To find out about how Oracle defines cloud native, the origins of cloud native apps, and best practices to follow when constructing them, read this ebook.
Another way to envision these scenarios is to look across the spectrum of actions you could take to move an enterprise application closer to a cloud native architecture while moving it to Oracle Cloud Infrastructure. See Figure 1 below.
Figure 1: Cloud migration change and investment levels
The left side of Figure 1 represents the least amount of change, the shortest time to value, and the lowest initial investment. The level of change, investment, and time generally increase as you move to the right, but the realized value is also greater. This model helps you frame a way to predict what kinds of investments to consider making during the move phase. Note that the scenarios aren’t necessarily discrete and overlap a bit as applications are built in a myriad of ways.
The scenarios described above become key reference points for assessing existing maturity levels and cloud-transition objectives. The gap between your current state and target state provides a rough estimation of the scope of technical and process change required for the cloud transition. In a perfect world, the cloud transition should result in all applications transitioning to cloud native delivery models.
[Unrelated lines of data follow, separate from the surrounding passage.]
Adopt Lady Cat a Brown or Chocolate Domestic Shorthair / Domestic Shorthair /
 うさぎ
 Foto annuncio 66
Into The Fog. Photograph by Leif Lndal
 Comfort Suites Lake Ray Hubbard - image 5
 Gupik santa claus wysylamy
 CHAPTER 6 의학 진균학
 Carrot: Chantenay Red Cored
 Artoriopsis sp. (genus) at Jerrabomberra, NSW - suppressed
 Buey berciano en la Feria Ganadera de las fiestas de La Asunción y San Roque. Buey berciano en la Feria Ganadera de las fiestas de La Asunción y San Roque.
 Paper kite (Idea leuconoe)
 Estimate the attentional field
However, given resource and time constraints, few organizations are positioned to transition their whole portfolio to a cloud native model in a single process. Even simple replatforming efforts can be resource intensive and require significant investments just to replicate legacy capabilities.
The cloud transition is thus a question of identifying the trade-offs between the optimal cloud maturity level (where the applications sit in the cloud-hosted to cloud native continuum shown above) and the engineering investment needed to re-architect the product and its associated business processes. At this stage, the key step is identifying each application’s current and target maturity levels with a rough estimate of the development investment required to bridge the gap.
Applications that change maturity levels during migration also have to change operational patterns and expectations. The changing of maturity levels affects the teams, processes, and policies that support the service.